Aim of the exercise:
When you reach the line that contains "Blox Fruits: Finding" in the data below, start reproducing lines exactly, and stop after the line that contains "Wrangler Masculino Ohio".

The data:
◆ ◆ ◆

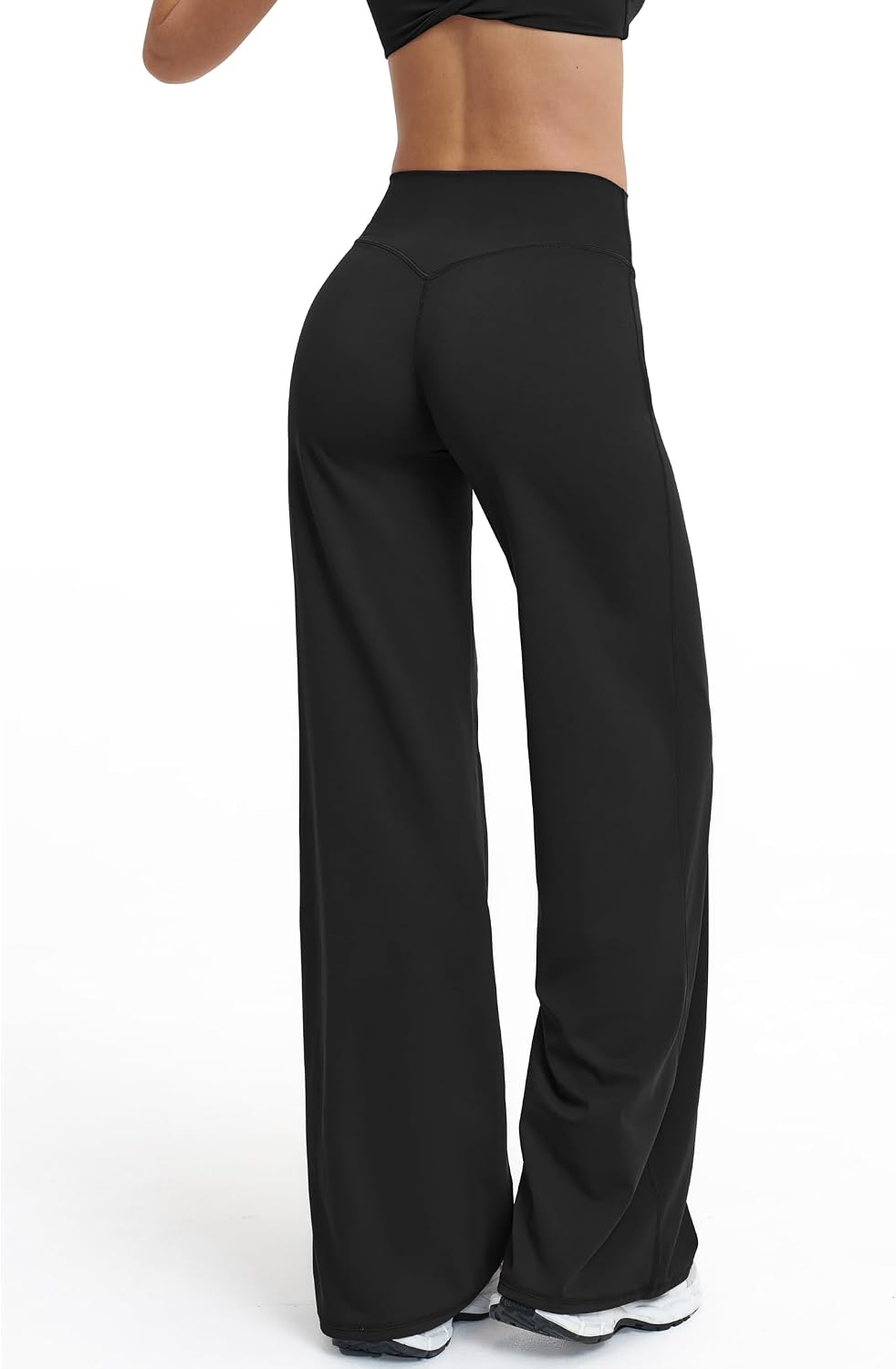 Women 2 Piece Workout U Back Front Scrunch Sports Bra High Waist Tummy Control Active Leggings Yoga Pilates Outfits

◆ ◆ ◆

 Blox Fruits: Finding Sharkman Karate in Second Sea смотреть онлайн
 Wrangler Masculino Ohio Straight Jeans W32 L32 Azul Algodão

◆ ◆ ◆

Answer space:
 Blox Fruits: Finding Sharkman Karate in Second Sea смотреть онлайн
 Wrangler Masculino Ohio Straight Jeans W32 L32 Azul Algodão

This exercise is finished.